ComposerVisualiser.visualise(fitted_model, save_path = f'./model.png')

roc_auc, p, r, a, f = apply_model_to_data(fitted_model, test_file_path)
print(f'TEST/TRAIN SCORE \nROC AUC metric is {roc_auc} \nPRECISION is {p} \nRECALL is {r} \nACCURACY is {a} \nF1_score is {f}')

roc_auc, p, r, a, f = apply_model_to_data(fitted_model, file_path)
print(f'Applying model to all data \nROC AUC metric is {roc_auc} \nPRECISION is {p} \nRECALL is {r} \nACCURACY is {a} \nF1_score is {f}')

The first step is to specify the location of the original dataset. Then, the classes are balanced, after which the sample is divided into training and test ones. The next step is launch of composite model search. For clarity, we have an opportunity to visualize our model by presenting it as a tree. In the last step we consider our metrics in the test sample.

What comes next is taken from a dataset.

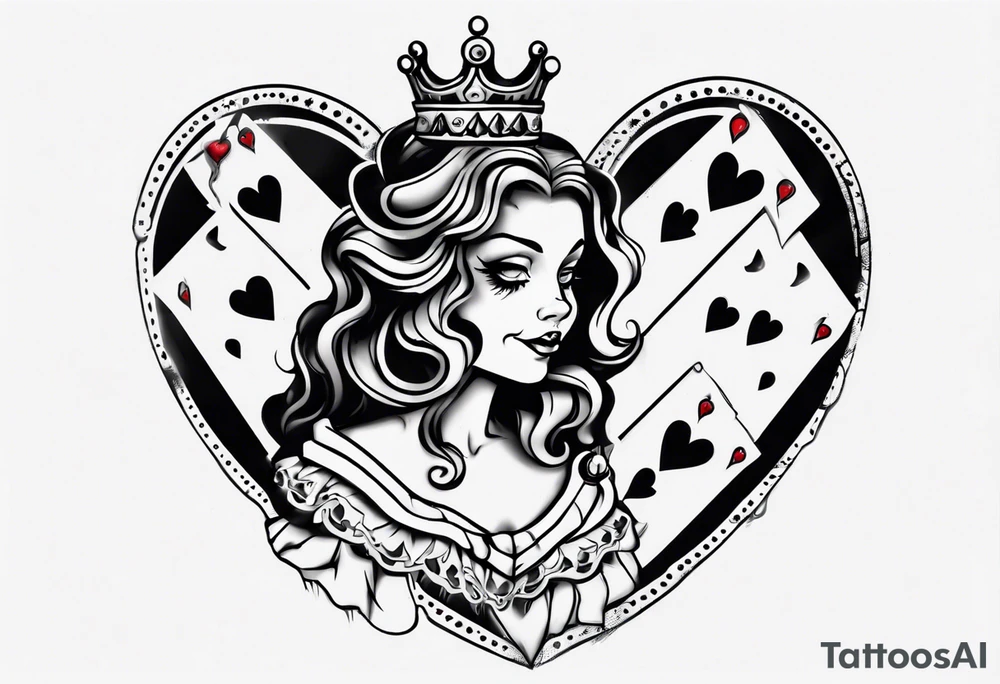 smiling queen of hearts casting a shadow that is sad tattoo idea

After performing the steps described above, the following model was obtained for the balanced dataset:


The resulting composite model consists of 4 primary_nodes (the input gets the dataset) and 1 secondary_node (the input gets the results of the previous models). Precision shows what proportion of objects called positive by the classifier, but really are positive. It is counted as TP/(TP+FP). Because the original dataset is not balanced, it is not quite correct to apply this metric. We can compare the obtained metrics of the composite model with the results of Kaggle. The new composite model shows itself no worse than the models presented by users with Kaggle, and in some places even better. When solving the task of determining fraudulent transactions with bank cards, it is important to prevent the gender from being written off the account.